Fall 2001, CSE 520: Solution of Assignment 1
Exercise 1
- No (y and z are free)
- No (y occurs free in the first term, but not in the second)
- Yes, by using alpha conversion
- Yes, by using beta conversion two times
- Yes, by usingbeta conversion two times, and Congruence 1
- No, \z.y can be obtained from (\xz.x)((\w.w)y), but note that the structure is different
- Yes, by using beta conversion two times, and Congruence 1
- Yes, by using beta conversion three times, xi and Congruence 2
- Yes, because both are convertible to \z.z.
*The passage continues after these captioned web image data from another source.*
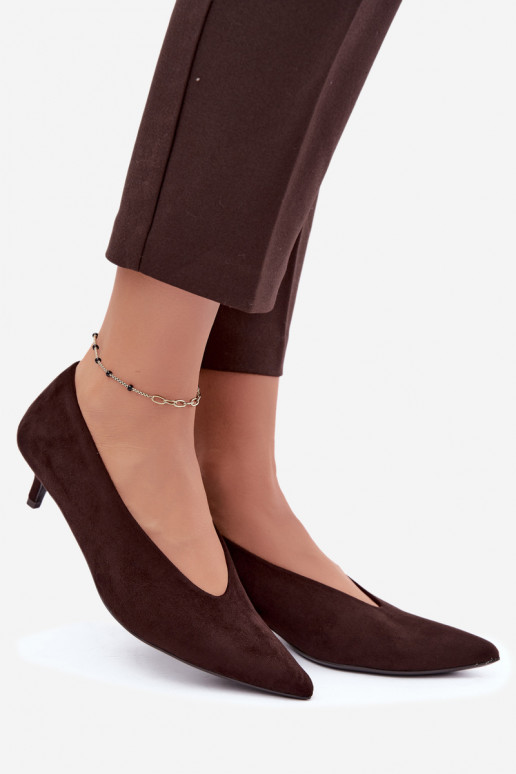 Chocoladekleurige suède schoenen met Kitten Heel Nuretta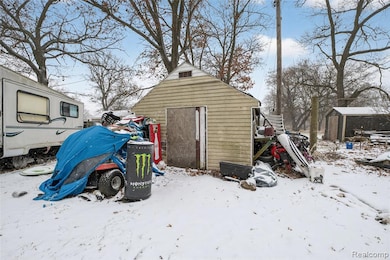 677 Chandler St, Muskegon, MI 49442 - photo 4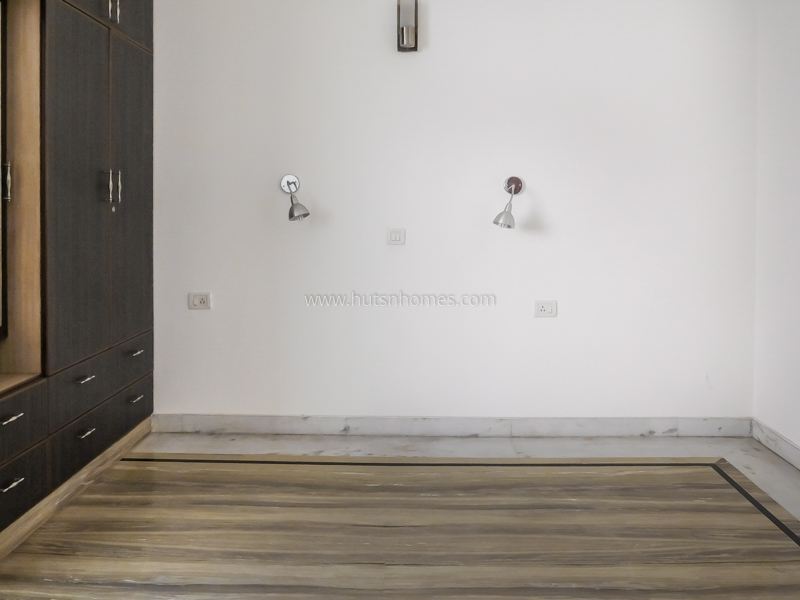4 BHK Flat For Rent in Vasant Vihar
We need to use the same rules as above, plus symmetry
- No, because \z.z is not convertible to \xz.xz. (We would need the eta rule or the extensionality axiom.)
Exercise 2
- SKK = (\xyz.xz(yz))KK = \z.Kz(Kz) = \z.z = I
- S(KS)K = (\xyz.xz(yz))(KS)K = \z.(KS)z(Kz) = \z.S(Kz) = \z.(\xyw.xw(yw))(Kz) = \zyw.Kzw(yw)) = \zyw.w(yw)) = B
- S(KI) = (\xyz.xz(yz))(KI) = \yz.(KI)z(yz) = \yz.(KI)z(yz) = \yz.I(yz) = \yz.yz and
BI = (\xyz.x(yz))I = \yz.I(yz) = \yz.yz.
Exercise 3
Given two arbitrary terms M and N, we prove that we can derive M = N. Consider the terms P = \x.M and Q = \y.N.
If \xy.xy = \xy.yx holds, then we can also derive , by the congruence 1 rule, that (\xy.xy)PQ = (\xy.yx)PQ.
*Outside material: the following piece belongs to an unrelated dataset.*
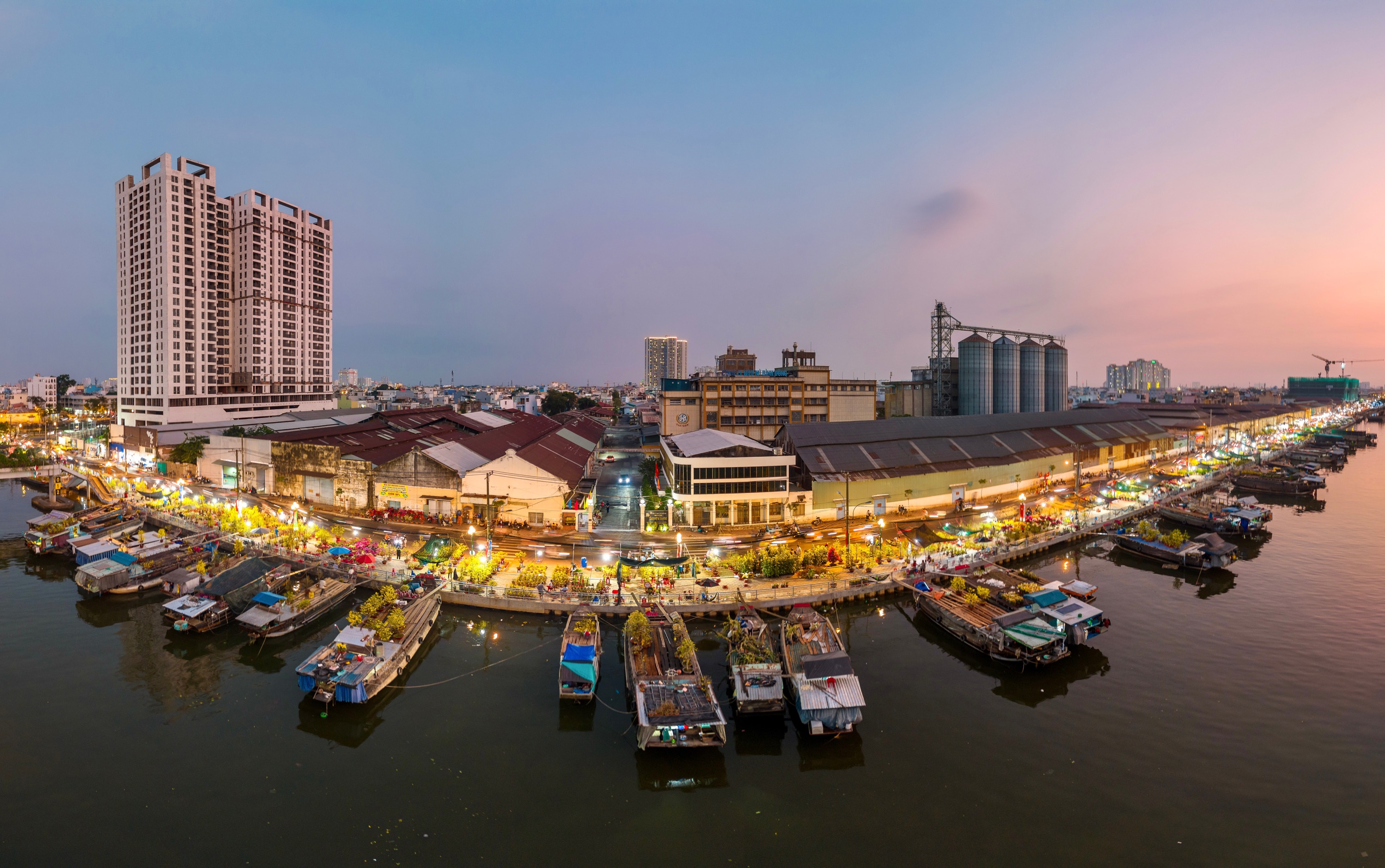Chợ hoa bến Bình Đông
Then, by applying beta conversion (two times) on both sides we get PQ = QP, namely (\x.M)(\y.N) = (\x.N)(\y.M).
By applying beta conversion on both sides, we derive M = N.
Exercise 4
The definition of exp(m,n) can be given by primitive recursion as follows:
exp(0,n) = 1
exp(m+1,n) = exp(m,n)*n
The functions g and f need to be defined as follows:
g(n) = 1, hence g = S o Z
h(m,exp(m,n),n) = exp(m,n)*n, hence h = times o (U32,U33)
Exercise 5
We propose two different solutions:
- Solution 1: The standard approach based on the recursive definition of rem2.
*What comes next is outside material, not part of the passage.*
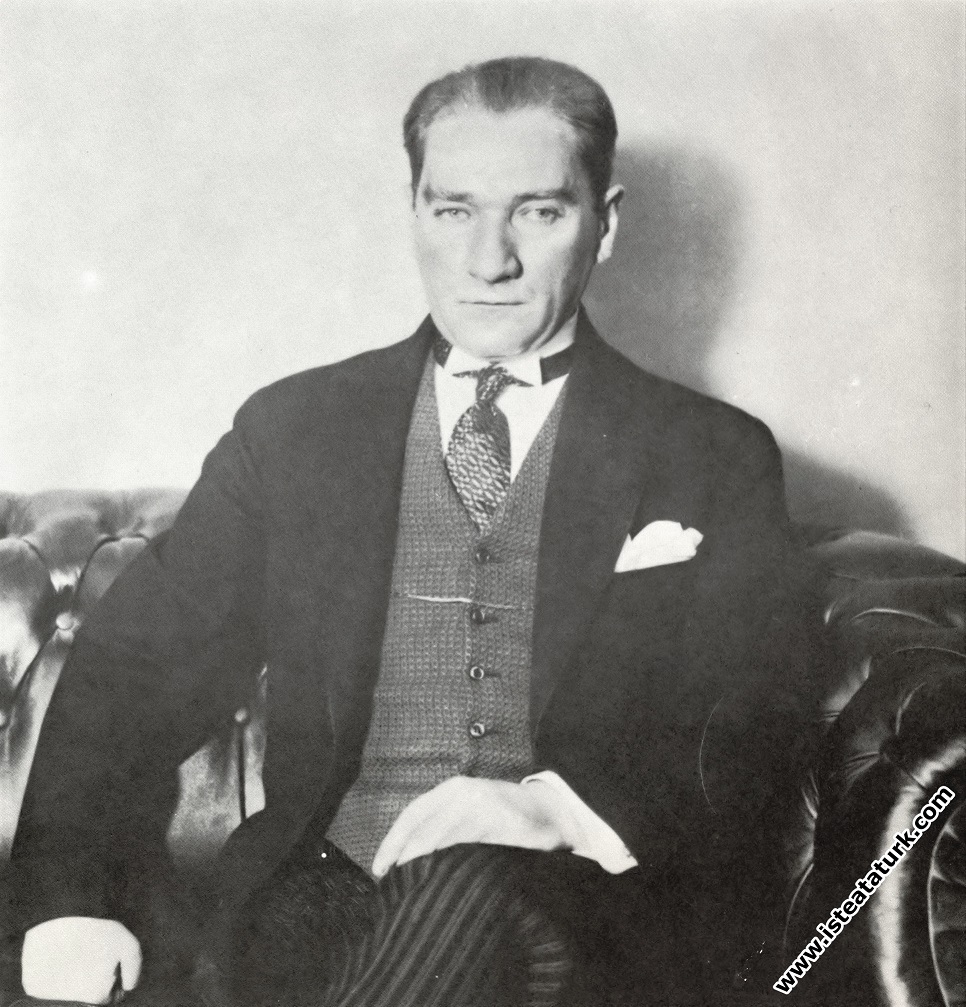 Mustafa Kemal Atatürk İşbankası'nın 1. Kuruluş Yıl...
The definition of rem2 can be given by primitive recursion as follows:
rem2(0) = 0
rem2(n+1) = if rem2(n) = 0 then 1 else 0
Hence, it is sufficient to define [rem2] = Y [F], where Y is the fixpoint operator and
F is the function:
F = \f.\z. if z = 0 then 1 else if f (z-1) = 0 then 1 else 0
Using the functions defined in class and in the lecture notes, we have
[F] = \f.\z. [if_then_else] ([is_zero] z) [1] ([if_then_else] ([is_zero](f ([Predecessor] z) ) [1] [0]))
- Solution 2: Apply n times to 0 the "switch function", which converts 0 into 1 and viceversa.
Define
Switch = \z. z (\x.[0]) [1]
Note that we have
Switch [0] = [1]
Switch [n] = [0] for n > 0
Finally define
[rem2] = \z. z Switch [0]